DESCRIPTION OF THE TASK:
From the first line to the last, please print the entries exactly, omitting pictures.

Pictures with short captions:
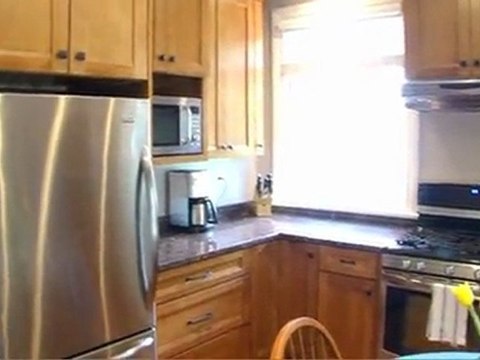 1719 N Laburnum Ave Richmond VA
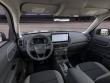2026 Ford Bronco Sport Big Bend SUV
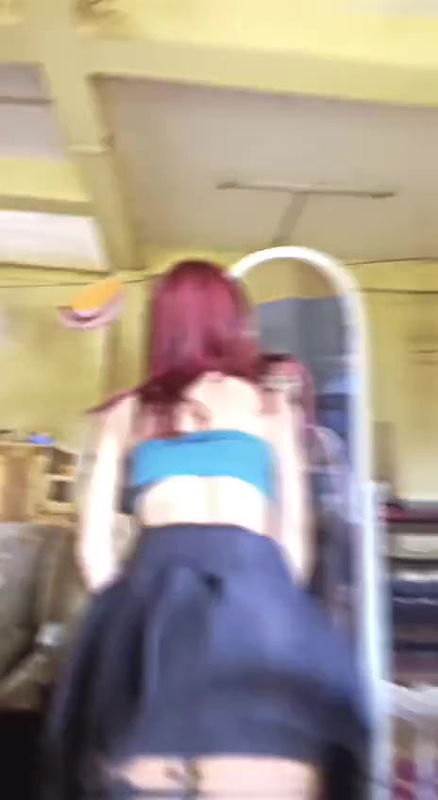 Myd burma rnd tg collection – 159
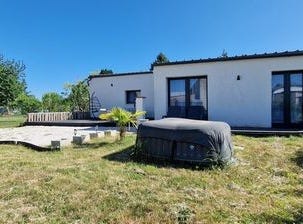 Neuville-Saint-Amand, Picardie 02100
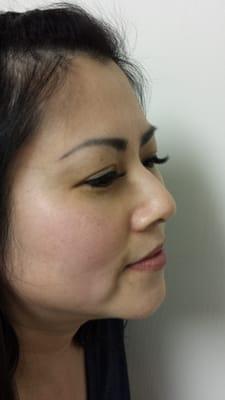 photo of Michelle C.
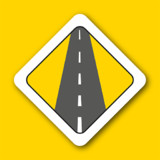 Сити-Рент2.1.97_rowtechapk.com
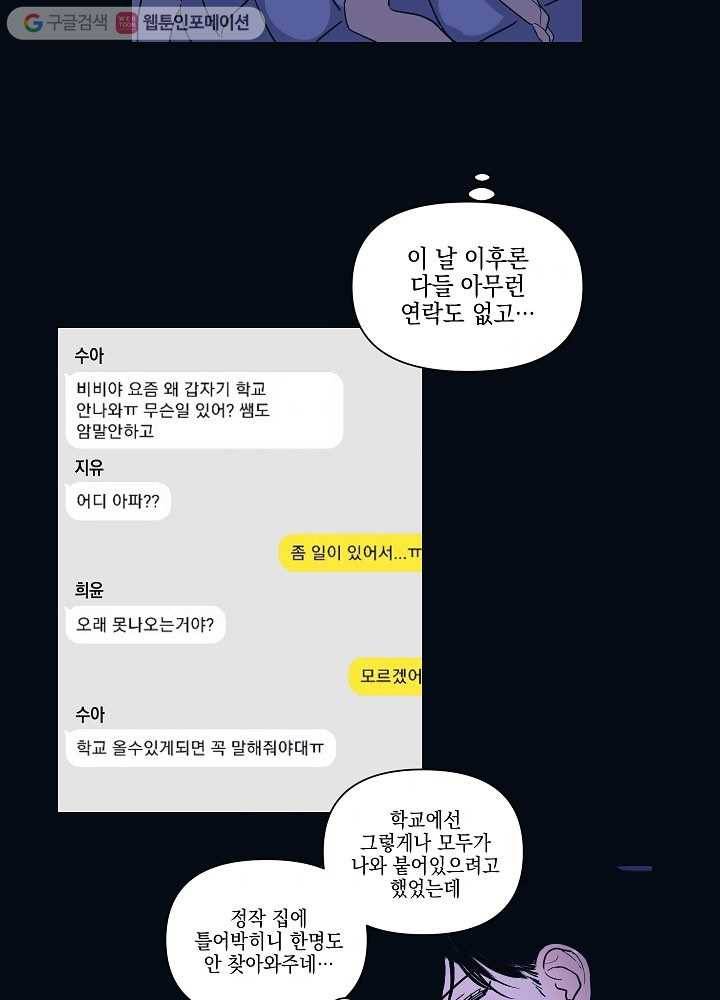 나비인간 3화 2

TASK RESULT:
 1719 N Laburnum Ave Richmond VA
2026 Ford Bronco Sport Big Bend SUV
 Myd burma rnd tg collection – 159
 Neuville-Saint-Amand, Picardie 02100
 photo of Michelle C.
 Сити-Рент2.1.97_rowtechapk.com
 나비인간 3화 2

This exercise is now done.